The conventional answer is government intervention. Kenneth Jackson, author of Crabgrass Frontier, argues that legislation passed during the New Deal would “revolutionize the home finance industry” by introducing amortizing mortgages, reducing downpayments to as little as 7 percent, and reducing interest rates. He adds that, “One reason that long-term mortgage arrangements were not typical prior to the 1930s was that an 1864 amendment to the 1863 National Bank Act prohibited nationally chartered banks from making direct loans for real estate transactions.”

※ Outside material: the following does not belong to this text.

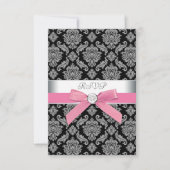 Roze Zwart Damask RSVP (Voorkant)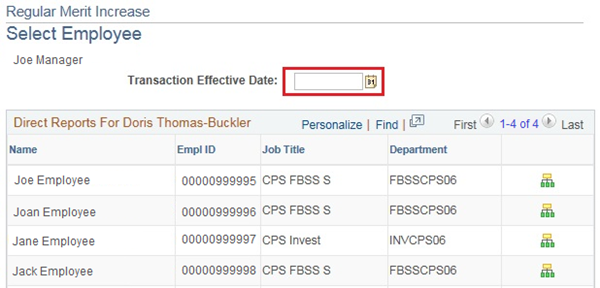 Image of the Regular Merit Increase Select Employee page. The image shows a highlighted box around the Transaction Effective Date.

However, Jackson has many of his facts wrong. As early as the 1880s, at least some homebuilders offered homes with down payments as low as 7 percent. Amortizing mortgages were invented in the 1890s and became popular in the 1920s. And Congress amended the law to allow national banks to make real estate loans in 1913.
Ad for a $1,500 Chicago home that could be purchased with a $100 down payment in around 1890. Click for a larger view.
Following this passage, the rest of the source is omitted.